Driven by favorable prices, U.S. farmers intend to plant 95.9 million acres of corn in 2012, up 4% from 2011, according to the Prospective Plantings report released today by the U.S. Department of Agriculture’s National Agricultural Statistics Service (NASS). 

March 30, 2012

2 Min Read
USDA Expects 75-Year-High Corn Acreage in 2012

 

Driven by favorable prices, U.S. farmers intend to plant 95.9 million acres of corn in 2012, up 4% from 2011, according to the Prospective Plantings report released today by the U.S. Department of Agriculture’s National Agricultural Statistics Service (NASS). If realized, this will be the largest corn acreage in the United States since 1937, when producers planted 97.2 acres of corn.

 Producers across many of the Corn Belt states are expected to set new record highs in 2012. Farmers in Iowa, the top U.S. corn-growing state, intend to set a new record for the state by planting 14.6 million acres, up 4% from 2011. Growers in Idaho, Minnesota, North Dakota and South Dakota also intend to plant record-high acreages.
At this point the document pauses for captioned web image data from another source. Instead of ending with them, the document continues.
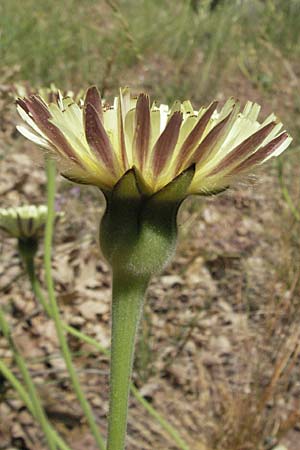 Urospermum dalechampii \ Weichhaariges Schwefelkpfchen, F Causse du Larzac 8.6.2006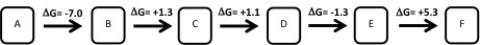 <strong>Figure 3.2 Which of the following answers best describes the above metabolic pathway?</strong> A)Anabolic;endergonic B)Catabolic;endergonic C)Anabolic;exergonic D)Catabolic;exergonic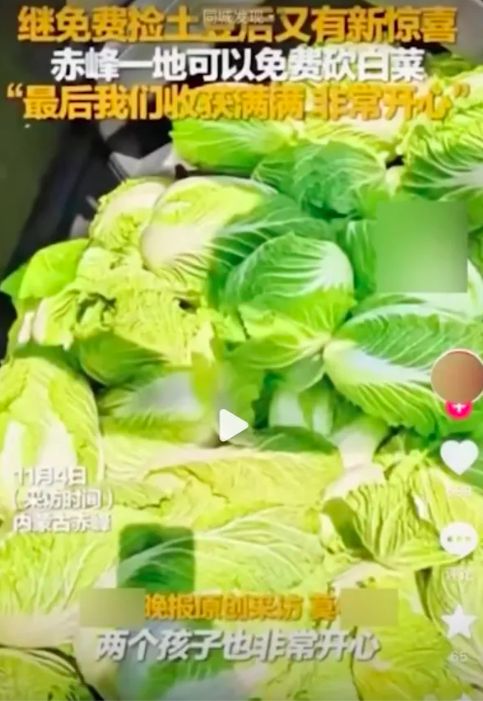 SNS에 올라온 '무료 배추 나눔' 영상. 웨이보 캡처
The largest year-over-year increase is expected in North Dakota, where farmers are recovering from last year’s floods and declared their intentions to plant 3.4 million acres of corn, up 52% from last year.

The corn acreage increase, coupled with weather conditions in the Southern Plains resulted in a soybean acreage decrease. U.S. soybean growers intend to plant 73.9 million acres in 2012, down 1% from last year. Affected by the drought conditions that have continued from last year into early March, Texas and Oklahoma farmers plan significant reductions in soybean acreage, expecting to dedicate 24 and 15% fewer acres, respectively, to the crop this year. These decreases are offset by acreage increases in other states, such as New York and North Dakota, where farmers are expected to set new records.

 Also affected by difficult weather conditions, U.S. cotton growers expect to plant fewer acres in 2012. The expected cotton area this year is 13.2 million acres, down 11% from last year. Heavy precipitation in the Delta Region has already delayed fieldwork in some areas. A mild winter in some cotton-growing states also has producers bracing for potentially higher than normal insect and weed pressure this year.

 Prospective Plantings provides the first official, survey-based estimates of U.S. farmers’ 2012 planting intentions. NASS’s acreage estimates are based on surveys conducted during the first two weeks of March from a sample of more than 84,500 farm operators across the United States.

Prospective Plantings and all NASS reports are available online at www.nass.usda.gov.